11 July 2026, New Delhi: The Indian Sundarbans sits where rivers flowing from the Himalayas meet the Bay of Bengal. Shared by India and Bangladesh, it is part of the world’s largest contiguous mangrove forest and one of the most densely inhabited coastal landscapes in the world. 

But its islands support farming communities that are highly exposed to climate risk. Inhabitants are constantly facing cyclones and storms, tidal flooding, erosion and sea-level rise which have had adverse impacts on their livelihoods.

Mangroves are central to the Sundarbans.  

Their ability to store carbon, protect coastlines from erosion and storm surges, and provide habitat for fish and other species makes them part of the region’s natural infrastructure, but also part of its economy. They sustain fisheries and aquaculture, making them vital to communities whose livelihoods depend on these waters. 

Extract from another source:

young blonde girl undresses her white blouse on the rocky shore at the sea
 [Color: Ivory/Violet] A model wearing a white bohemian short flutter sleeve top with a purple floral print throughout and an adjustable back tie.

But these forests have been under pressure for decades. In many coastal regions, mangrove areas have been cleared or degraded while settlements, farms and aquaculture ponds have expanded. Intensive shrimp farming has been one of the major drivers, especially in parts of Asia where export demand has driven the expansion of brackishwater aquaculture. 

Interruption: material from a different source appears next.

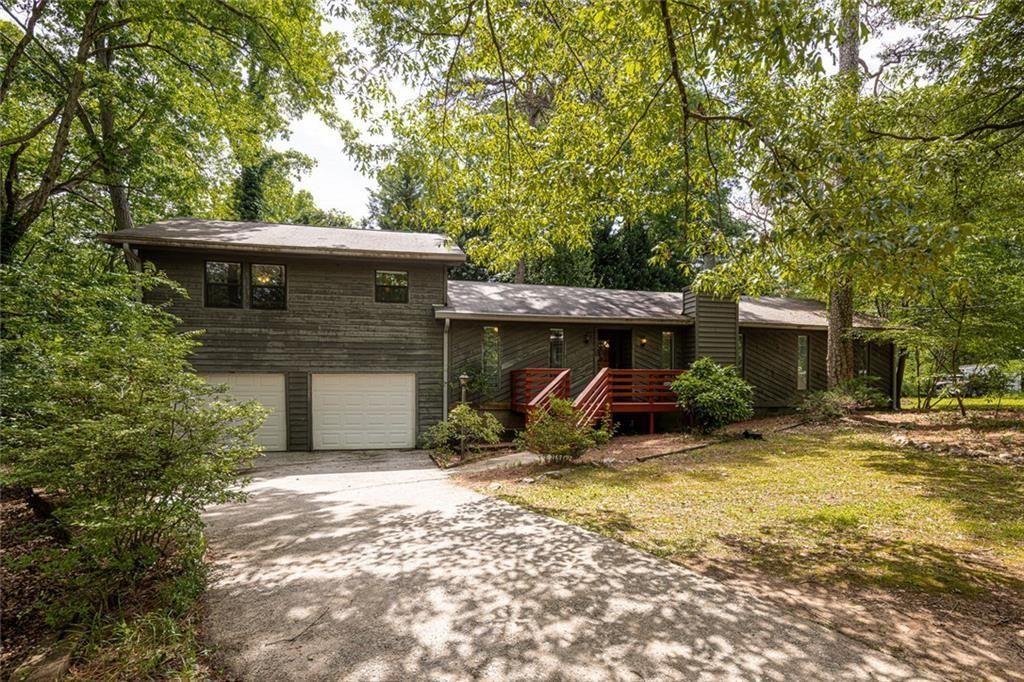 633 Iris Road Pine Lake, GA 30072 - Photo 3 of 39 a view of a house with a patio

In India, the challenge is how to grow the sector without losing the benefits mangroves provide. Shrimp farming is part of the coastal economy, (for many households it is a source of work and income), but poorly managed expansion can weaken the mangrove systems that coastal communities also rely on. 

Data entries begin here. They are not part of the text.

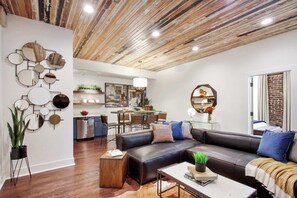A modern living room with a sectional sofa, a coffee table, and a dining area in the background. - 6BR Savannah Condo Combo | Walk to Nightlife (Savannah)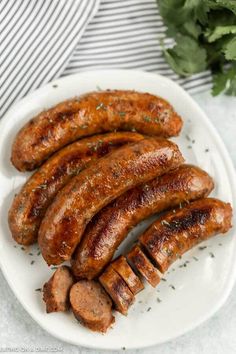 grilled sausages on a white plate with parsley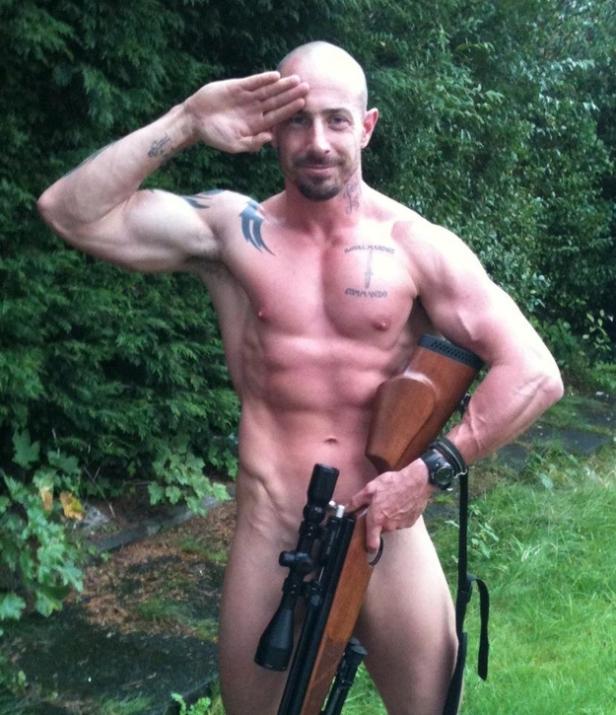 Ein muskulöser, nackter Mann mit Tätowierungen salutiert und hält ein Gewehr.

So for places like the Sundarbans, how can aquaculture continue without further weakening the mangrove systems that help protect coastal communities? 

One approach being tested is Integrated Mangrove Aquaculture, also known as mangrove silvofisheries. The model brings mangroves into and around traditional aquaculture ponds, allowing shrimp, crab or fish production to take place alongside mangrove restoration. 

Similar systems have been used for decades in countries such as Indonesia and Viet Nam. In India, however, Integrated Mangrove Aquaculture is still at an early stage. There are pilots, but not yet enough locally tested evidence to guide wider adoption. 

Through CGIAR Climate Action, WorldFish, IWMI and partners are studying whether Integrated Mangrove Aquaculture can deliver environmental and livelihood benefits in the Indian Sundarbans. The work focuses on assessing ecosystem services, farm management, and farmer and community adoption.  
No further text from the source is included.